IL LIBANESE DEL TANGO: MAZEN KIWAN

Claudia, Mazen Kiwan e Raffaella Grassi
Claudia, Mazen Kiwan e Raffaella Grassi

Il 26 febbraio scorso alla Milonga della Stazione è entrato un po’ di…Libano, grazie al maestro Mazen Kiwan. Ragazzo poliglotta (parla fluentemente inglese e francese), specializzato in più danze, tanguero elegante e raffinato, Mazen è di temperamento timido ma quando balla è preciso nei  movimenti e interpreta bene la musica. Merito della sua formazione e dei suoi studi, di cui ci parla nell’intervista che segue oltre al Festival di Beirut da lui organizzato, giunto quest’anno alla sua terza edizione (28 aprile-1 maggio).
Tu hai un background di danza folk e contemporanea: come hai deciso di passare al tango?
Ho scoperto il tango come musica mentre ballavo la country dance alla fine degli anni ’80/inizio ’90. A poco a poco ho iniziato a ballare il tango per mio piacere principalmente, poi ho pensato di lavorare con esso, perché il tango mi ha preso! Sono andato su Internet e ho scoperto quanto profondo fosse il ballo, quanto ricca fosse la storia, la musica, la cultura…Non è stata una rottura, ho portato avanti le varie danze parallelamente. Il tango mi ha catturato per il suo ritmo naturale.

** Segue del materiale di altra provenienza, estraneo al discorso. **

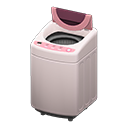 Automatic Washer Pink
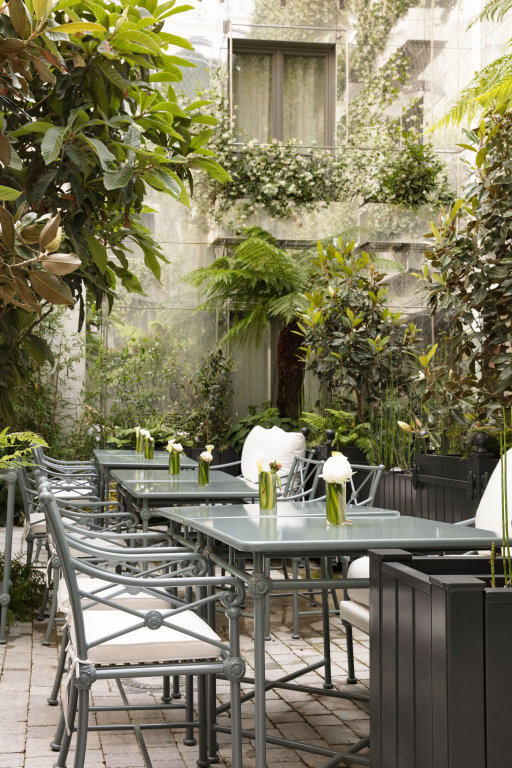 Les Jardins Du Faubourg Hotel & Spa by Shiseido 24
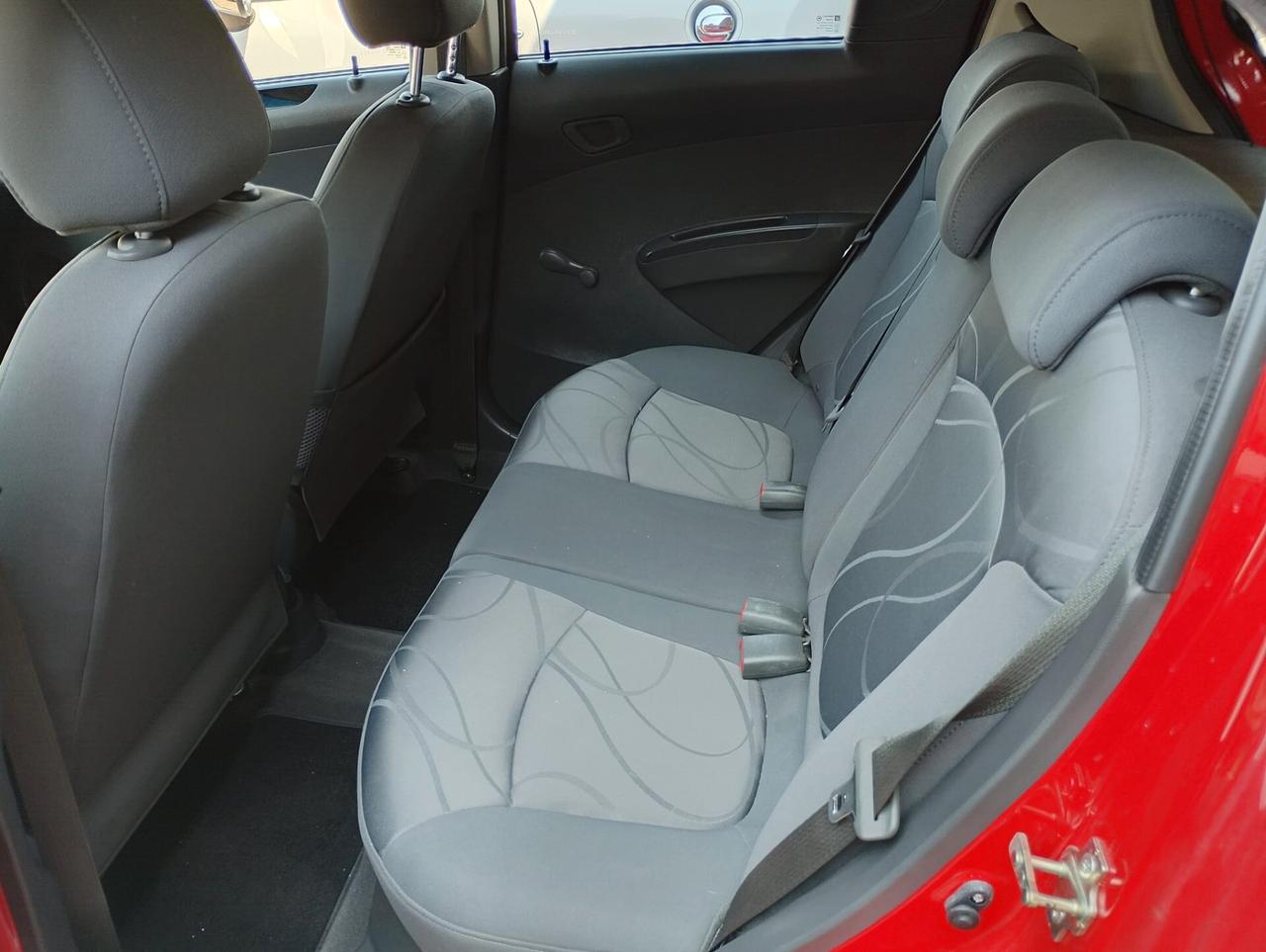 Chevrolet Spark 1.0 GPL/BENZ Eco Logic Pink Lady Special Edition NEOPATENTATI
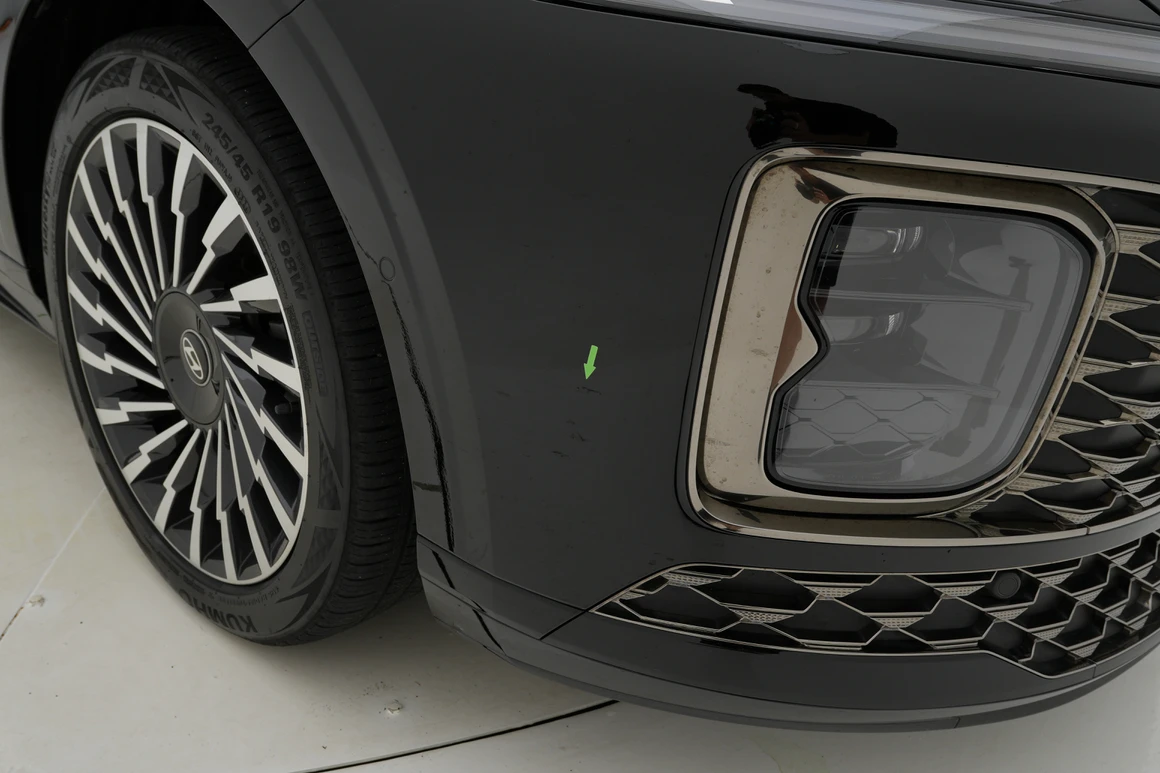 Hyundai Grandeur - Фото 43
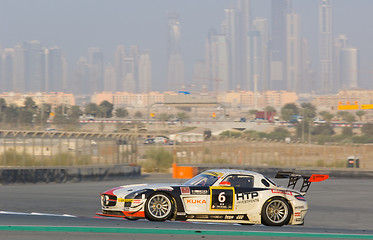 Image showing 2012 Dunlop 24 Hours Race in Dubai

Quali sono stati i tuoi maestri?
Ho iniziato a ballare il tango a Parigi con Pablo Veron. Poi alla fine degli anni ’90 ho fatto un workshop con Gustavo Naveira e con Federico Moreno, che venne a Parigi e che lavorava anche con ballerini di danza contemporanea. Poi ho fatto pratiche e workshop con molti maestri, non solo a Parigi.
Quando è stato introdotto il tango in Libano?
In Libano da molto tempo c’era la dance de salón come danza marginale, quindi quando il tango è tornato in Europa non era una novità, e lo stesso è accaduto in Oriente. Da 30-40 anni abbiamo cantanti che cantano tango e che fondono il ritmo del tango con la musica orientale, e con esso la cultura e le stesse cose che venivano dall’Argentina. Questo fece tornare il tango in Oriente come in Europa.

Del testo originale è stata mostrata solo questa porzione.